- Occupations: Shark conservationist and activist
- Years active: 2007-current
- Known for: Shark Angels

= Julie Andersen =

American shark conservationist

Julie Andersen is an activist and a founder of Shark Angels, a nonprofit organization focused on shark conservation.

==Biography==
Andersen has been interested in ocean life since she was young; she started diving in 1995. For more than 14 years, she worked in advertising in Chicago and owned a successful marketing business that worked with clients such as Porsche and Citibank. In 2007, at a film screening in New York, she met director Rob Stewart. Within months, she sold her agency, her car, and her house and moved to South Africa to become a shark conservationist. The same year, she founded the non-profit Shark Angels and swam with Sea Shepherd Conservation Society Executive Director Kim McCoy and Save Our Seas Foundation Head Field Biologist Alison Kock to push back on the idea that sharks are vicious, maneating creatures. The foundation of Shark Angels was inspired by the horrors of the shark finning industry; since then, she has gone undercover in more than 20 countries to expose illegal shark fin trade. She has been featured on CNN, the Discovery Channel, Animal Planet, and NatGeo Wild.

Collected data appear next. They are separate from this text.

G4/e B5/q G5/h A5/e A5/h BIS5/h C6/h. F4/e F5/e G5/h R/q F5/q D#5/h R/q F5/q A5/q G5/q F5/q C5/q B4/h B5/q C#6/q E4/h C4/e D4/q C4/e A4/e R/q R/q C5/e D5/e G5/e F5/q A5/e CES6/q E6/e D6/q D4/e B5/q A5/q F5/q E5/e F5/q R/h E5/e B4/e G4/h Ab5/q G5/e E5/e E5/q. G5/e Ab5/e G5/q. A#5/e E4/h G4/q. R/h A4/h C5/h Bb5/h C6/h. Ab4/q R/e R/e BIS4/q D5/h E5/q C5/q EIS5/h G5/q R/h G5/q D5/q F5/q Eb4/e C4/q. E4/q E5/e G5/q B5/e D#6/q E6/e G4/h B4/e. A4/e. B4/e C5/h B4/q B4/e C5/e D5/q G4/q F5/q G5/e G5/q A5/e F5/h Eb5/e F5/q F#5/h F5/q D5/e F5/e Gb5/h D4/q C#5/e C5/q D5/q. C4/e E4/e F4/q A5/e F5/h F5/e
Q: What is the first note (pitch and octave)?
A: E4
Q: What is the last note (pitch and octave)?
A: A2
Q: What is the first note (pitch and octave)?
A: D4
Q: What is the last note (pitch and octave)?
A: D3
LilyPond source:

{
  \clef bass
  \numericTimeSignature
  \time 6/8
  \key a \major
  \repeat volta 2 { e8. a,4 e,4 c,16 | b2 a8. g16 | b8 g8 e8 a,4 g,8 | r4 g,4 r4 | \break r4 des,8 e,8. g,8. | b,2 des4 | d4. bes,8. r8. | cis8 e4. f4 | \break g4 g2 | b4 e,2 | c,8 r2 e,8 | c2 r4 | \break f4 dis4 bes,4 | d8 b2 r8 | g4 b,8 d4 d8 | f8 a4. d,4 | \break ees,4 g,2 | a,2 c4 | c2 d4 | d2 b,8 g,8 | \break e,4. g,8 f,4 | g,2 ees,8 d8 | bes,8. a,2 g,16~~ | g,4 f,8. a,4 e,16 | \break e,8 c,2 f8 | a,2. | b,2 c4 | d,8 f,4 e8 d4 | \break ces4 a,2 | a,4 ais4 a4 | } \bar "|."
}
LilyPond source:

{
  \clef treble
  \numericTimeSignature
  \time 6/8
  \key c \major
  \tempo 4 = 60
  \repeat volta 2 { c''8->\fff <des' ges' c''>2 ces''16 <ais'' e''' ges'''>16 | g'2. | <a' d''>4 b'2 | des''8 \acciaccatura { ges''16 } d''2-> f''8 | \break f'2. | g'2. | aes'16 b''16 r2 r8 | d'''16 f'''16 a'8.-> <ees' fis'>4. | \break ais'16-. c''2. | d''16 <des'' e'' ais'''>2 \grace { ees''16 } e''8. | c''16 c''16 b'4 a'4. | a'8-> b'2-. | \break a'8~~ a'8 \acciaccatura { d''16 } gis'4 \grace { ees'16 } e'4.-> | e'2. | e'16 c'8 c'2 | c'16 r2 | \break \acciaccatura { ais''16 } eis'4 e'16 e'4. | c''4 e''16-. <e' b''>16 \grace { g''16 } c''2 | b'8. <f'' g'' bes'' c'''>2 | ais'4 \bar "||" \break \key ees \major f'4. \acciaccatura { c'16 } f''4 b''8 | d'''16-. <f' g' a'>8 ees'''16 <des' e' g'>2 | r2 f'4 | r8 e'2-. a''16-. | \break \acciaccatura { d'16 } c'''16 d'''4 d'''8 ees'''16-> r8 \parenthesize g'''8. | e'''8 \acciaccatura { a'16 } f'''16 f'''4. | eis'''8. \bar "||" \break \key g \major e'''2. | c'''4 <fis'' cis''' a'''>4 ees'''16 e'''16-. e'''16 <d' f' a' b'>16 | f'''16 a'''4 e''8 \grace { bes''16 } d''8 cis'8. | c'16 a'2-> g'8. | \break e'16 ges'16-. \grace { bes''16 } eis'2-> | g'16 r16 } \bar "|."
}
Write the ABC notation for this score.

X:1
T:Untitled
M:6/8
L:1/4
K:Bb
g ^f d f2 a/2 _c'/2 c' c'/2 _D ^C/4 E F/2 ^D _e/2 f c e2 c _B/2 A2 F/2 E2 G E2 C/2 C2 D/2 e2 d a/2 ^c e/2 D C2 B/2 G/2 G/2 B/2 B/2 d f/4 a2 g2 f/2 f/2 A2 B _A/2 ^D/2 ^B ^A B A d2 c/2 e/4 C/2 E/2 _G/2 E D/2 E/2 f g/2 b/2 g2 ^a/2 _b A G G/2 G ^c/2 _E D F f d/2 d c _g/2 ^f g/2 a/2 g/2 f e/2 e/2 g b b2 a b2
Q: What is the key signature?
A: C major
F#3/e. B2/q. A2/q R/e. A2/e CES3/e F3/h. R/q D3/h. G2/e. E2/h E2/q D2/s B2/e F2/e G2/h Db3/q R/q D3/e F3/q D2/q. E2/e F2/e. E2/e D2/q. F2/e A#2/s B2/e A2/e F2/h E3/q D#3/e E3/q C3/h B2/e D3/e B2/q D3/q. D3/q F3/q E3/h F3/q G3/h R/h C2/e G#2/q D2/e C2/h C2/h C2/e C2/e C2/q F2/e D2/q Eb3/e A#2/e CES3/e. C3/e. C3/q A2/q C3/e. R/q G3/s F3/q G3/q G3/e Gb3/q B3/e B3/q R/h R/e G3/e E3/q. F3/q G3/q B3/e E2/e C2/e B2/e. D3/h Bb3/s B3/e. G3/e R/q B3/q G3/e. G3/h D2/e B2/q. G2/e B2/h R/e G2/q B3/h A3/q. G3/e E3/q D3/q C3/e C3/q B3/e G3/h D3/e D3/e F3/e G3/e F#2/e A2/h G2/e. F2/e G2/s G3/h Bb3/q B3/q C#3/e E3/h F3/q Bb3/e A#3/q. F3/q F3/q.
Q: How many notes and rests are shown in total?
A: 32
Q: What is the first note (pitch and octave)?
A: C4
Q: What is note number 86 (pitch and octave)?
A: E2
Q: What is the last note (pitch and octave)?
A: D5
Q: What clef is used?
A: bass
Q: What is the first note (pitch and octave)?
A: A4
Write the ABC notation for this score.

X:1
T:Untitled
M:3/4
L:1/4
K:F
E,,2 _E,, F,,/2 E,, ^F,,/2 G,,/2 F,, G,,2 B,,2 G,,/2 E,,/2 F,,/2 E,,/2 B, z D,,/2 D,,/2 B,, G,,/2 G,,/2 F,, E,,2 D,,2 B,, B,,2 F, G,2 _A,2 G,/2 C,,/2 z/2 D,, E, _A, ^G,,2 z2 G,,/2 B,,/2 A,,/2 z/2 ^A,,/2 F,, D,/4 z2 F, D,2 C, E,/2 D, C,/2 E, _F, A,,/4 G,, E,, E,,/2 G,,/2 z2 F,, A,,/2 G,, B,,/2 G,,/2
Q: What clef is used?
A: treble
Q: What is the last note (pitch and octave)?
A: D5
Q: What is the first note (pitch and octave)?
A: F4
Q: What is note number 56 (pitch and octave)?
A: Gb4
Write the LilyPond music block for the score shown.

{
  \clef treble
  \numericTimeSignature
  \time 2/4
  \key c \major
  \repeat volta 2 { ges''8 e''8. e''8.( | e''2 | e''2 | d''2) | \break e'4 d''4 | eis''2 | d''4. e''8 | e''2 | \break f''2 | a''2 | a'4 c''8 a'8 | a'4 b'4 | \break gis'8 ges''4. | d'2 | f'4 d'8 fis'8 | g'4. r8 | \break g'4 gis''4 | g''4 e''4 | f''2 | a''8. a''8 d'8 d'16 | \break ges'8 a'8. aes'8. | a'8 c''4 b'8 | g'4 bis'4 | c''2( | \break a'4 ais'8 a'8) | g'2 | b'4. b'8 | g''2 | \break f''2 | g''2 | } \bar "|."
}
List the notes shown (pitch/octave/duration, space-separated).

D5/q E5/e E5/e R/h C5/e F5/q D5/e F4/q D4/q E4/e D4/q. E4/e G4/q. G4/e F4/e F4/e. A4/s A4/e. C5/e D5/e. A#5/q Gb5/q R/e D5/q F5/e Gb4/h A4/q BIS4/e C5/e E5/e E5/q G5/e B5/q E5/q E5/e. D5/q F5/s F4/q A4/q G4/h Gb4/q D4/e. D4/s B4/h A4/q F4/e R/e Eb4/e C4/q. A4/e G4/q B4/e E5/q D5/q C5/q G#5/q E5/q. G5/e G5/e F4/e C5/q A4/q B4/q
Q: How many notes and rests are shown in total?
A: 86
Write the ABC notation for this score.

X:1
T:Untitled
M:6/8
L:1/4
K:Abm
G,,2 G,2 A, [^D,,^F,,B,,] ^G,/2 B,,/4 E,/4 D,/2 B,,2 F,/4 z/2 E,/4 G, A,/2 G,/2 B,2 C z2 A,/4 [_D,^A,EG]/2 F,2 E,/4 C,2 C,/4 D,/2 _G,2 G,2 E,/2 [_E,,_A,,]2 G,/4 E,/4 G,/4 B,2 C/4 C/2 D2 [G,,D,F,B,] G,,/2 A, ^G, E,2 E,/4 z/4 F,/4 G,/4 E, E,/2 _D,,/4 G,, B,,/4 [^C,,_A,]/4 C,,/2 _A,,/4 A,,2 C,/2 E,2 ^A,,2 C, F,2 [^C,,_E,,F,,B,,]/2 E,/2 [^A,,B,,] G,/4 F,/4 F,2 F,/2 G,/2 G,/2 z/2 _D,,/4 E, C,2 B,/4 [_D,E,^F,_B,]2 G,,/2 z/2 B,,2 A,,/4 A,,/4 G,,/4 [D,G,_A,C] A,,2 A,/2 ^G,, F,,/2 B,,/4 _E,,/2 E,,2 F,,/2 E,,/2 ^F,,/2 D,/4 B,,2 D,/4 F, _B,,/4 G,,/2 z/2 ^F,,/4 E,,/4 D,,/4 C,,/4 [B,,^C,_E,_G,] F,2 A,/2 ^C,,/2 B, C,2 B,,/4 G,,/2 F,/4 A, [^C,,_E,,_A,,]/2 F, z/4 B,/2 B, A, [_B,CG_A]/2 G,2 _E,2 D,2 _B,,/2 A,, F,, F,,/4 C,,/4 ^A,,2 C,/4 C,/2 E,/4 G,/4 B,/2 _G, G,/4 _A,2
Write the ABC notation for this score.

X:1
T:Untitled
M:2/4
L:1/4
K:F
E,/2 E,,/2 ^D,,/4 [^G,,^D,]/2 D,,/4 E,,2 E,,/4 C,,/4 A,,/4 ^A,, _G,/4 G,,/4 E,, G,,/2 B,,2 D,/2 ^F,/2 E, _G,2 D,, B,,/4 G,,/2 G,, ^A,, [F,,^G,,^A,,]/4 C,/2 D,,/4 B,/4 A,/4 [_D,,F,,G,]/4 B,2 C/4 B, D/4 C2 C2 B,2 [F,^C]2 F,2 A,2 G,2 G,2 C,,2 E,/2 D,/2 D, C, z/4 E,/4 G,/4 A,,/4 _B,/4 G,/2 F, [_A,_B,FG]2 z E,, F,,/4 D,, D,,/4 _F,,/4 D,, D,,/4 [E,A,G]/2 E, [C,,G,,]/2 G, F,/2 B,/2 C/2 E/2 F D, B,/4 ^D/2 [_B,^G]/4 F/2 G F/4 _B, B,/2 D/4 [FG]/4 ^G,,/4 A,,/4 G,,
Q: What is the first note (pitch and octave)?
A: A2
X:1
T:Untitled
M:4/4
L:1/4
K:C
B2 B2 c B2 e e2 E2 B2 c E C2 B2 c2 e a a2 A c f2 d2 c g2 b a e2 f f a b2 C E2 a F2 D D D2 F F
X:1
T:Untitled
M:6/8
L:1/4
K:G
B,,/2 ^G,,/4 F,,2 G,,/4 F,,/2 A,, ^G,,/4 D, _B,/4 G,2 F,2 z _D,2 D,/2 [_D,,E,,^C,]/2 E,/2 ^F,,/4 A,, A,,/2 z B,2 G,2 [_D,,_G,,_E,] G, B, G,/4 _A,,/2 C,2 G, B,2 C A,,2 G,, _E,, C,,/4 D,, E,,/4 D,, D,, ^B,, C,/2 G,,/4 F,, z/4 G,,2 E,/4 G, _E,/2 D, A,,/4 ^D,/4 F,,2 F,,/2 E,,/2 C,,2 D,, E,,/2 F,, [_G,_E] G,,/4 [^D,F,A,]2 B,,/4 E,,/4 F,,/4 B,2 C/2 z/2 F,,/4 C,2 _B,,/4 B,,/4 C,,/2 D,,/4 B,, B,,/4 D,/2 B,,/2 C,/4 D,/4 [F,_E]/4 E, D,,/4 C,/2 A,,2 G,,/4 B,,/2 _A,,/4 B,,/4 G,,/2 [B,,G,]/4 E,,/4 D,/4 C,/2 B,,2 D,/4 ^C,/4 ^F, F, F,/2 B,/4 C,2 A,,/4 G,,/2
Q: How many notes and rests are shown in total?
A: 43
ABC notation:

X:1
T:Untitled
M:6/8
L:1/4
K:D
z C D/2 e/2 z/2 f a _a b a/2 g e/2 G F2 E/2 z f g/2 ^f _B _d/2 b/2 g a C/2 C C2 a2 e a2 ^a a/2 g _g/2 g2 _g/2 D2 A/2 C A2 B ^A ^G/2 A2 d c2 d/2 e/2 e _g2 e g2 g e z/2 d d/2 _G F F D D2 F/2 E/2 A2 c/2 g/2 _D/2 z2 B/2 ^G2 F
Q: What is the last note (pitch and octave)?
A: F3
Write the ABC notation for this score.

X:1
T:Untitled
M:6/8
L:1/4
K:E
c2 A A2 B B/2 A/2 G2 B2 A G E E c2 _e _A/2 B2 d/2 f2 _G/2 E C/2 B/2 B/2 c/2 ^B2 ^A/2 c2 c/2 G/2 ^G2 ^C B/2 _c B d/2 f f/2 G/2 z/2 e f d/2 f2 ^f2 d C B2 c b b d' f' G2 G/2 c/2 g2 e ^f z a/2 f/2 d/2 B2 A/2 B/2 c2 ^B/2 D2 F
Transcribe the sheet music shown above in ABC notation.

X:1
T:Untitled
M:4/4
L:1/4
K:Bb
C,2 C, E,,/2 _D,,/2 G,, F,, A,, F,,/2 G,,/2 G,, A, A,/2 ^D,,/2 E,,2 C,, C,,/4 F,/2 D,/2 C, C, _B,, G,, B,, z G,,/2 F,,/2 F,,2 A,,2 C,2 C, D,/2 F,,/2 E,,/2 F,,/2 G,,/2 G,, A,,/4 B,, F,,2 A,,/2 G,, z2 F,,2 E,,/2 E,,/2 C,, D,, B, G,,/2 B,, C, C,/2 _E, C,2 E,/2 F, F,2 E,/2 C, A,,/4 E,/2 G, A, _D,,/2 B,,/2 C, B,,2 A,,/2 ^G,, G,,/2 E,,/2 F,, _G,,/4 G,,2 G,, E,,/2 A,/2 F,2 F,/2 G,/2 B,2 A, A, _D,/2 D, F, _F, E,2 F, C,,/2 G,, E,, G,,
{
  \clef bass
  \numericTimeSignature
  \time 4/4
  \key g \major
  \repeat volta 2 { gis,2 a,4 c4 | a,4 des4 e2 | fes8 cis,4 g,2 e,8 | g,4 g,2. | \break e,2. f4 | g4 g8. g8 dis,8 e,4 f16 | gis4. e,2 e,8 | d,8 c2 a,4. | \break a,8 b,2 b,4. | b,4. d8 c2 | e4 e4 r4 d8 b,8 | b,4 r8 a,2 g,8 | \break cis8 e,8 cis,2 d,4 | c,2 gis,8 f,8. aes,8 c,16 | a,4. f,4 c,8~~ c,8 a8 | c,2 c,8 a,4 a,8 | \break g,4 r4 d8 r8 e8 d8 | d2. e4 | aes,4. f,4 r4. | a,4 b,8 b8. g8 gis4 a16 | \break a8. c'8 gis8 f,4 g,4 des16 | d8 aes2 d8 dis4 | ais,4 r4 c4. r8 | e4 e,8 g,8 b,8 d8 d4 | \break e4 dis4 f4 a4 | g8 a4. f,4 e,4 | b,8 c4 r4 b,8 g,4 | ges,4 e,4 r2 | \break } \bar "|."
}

In 2012, she was named a Sea Hero by Scuba Diving Magazine. In 2014, she and cinematographer Paul Wildman created the short documentary Black Swan, which features Andersen "dancing" with an oceanic white tip shark, considered one of the most dangerous species in the world. Andersen also founded the non-profits Shark Savers and, with Stewart, United Conservationists (UC). One of UC's movements in its early days was #FinFree, which aimed to educate the public about illegal finning. Stewart died in 2017 while filming the documentary Sharkwater Extinction. Andersen, diver Brock Cahill, and a team of others helped his parents finish and promote the film.

Andersen has also been a consultant for the Sea Shepherd Conservation Society, PEW, and WildAid. She is the Director of Global Marketing for Johnson Outdoors (SCUBAPRO and Subgear brands) and a member of the PADI Diving Society. As of 2018, Andersen is based in California.